Nossa perspectiva a respeito da economia, e como o nosso bolso é afetado por ela, pode impactar diretamente em nossa vontade de gastar e poupar. Como tal, não é nenhuma surpresa que as mudanças na confiança do consumidor possam influenciar nas decisões para economizar em despesas domésticas. No segundo trimestre, o índice global de confiança do consumidor diminuiu um ponto, caindo para uma pontuação de 96, e estratégias de poupança continuaram na mentalidade dos consumidores ao redor do mundo.

“Mesmo que o sentimento sobre as próprias condições pessoais dos consumidores tenha aumentado nos últimos anos, ainda há uma preocupação generalizada entre os eles sobre a recessão”, disse Louise Keely, vice-presidente sênior da Nielsen, e presidente do Instituto Demand. “Na verdade, seis anos após o fim oficial da Grande Recessão, mais da metade (54%) dos entrevistados globais ainda acreditam que seu país está em recessão.

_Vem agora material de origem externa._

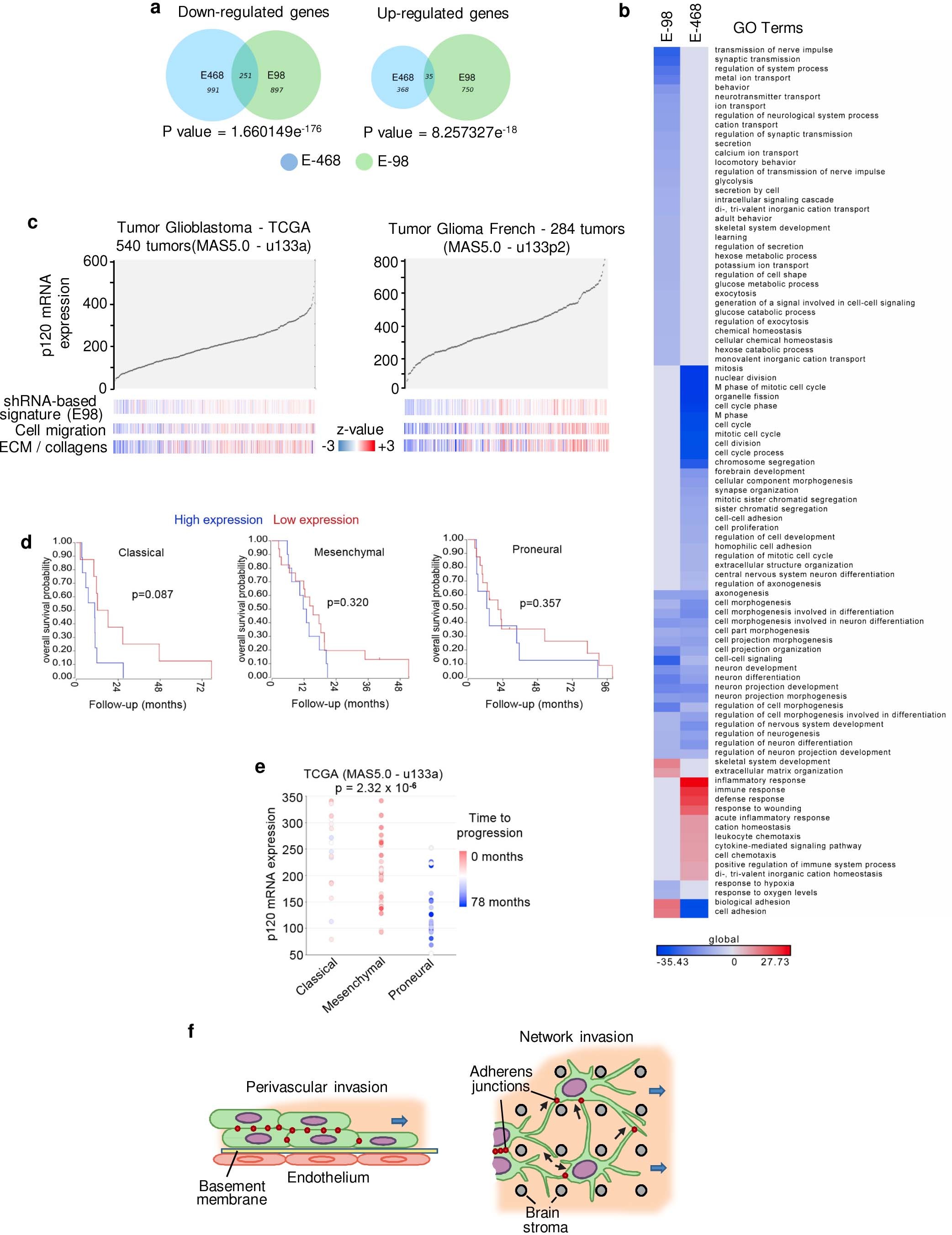 Extended Data Fig. 8: Gene expression regulation in glioma cells in response to downregulation of p120 and clinical relevance of p120-catenin in glioma patients.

Assim, enquanto a confiança global dos consumidores está aumentando lentamente para atingir níveis quase otimistas no ano passado, ainda há evidência de que os consumidores sentem dúvidas sobre o futuro de seus países. As vendas no varejo têm sido mais lentas, reflexo da incerteza que persiste”.

Os níveis de gastos mais baixos são reflexos do fato de que quase dois terços (65%) dos consumidores de todo o mundo estão pensando mais na economia  . Esta perspectiva cautelosa destaca-se mais na América Latina (79%), seguido pelo Oriente Médio/África (69%), Ásia-Pacífico (66%), América do Norte (59%) e Europa (58%) – mais da metade dos entrevistados nessas regiões dizem que estão tomando medidas para economizar em despesas domésticas em comparação a um ano atrás.

Enquanto estratégias de poupança se distinguem entre as regiões, existem algumas práticas comuns no mundo todo. Entre aqueles que dizem que estão tomando medidas para economizar, gastar em roupas e custos com entretenimento fora de casa são as duas principais áreas previstas para reduzir gastos. Cortar custos com gás e energia elétrica, juntamente com gastar menos em refeições fora de casa e comprar marcas mais baratas nos supermercados, são outras principais prioridades de poupança. Despesas que afetam o transporte, turismo/férias, entretenimento em casa e substituição dos aparelhos de uso doméstico são um pouco mais protegidas.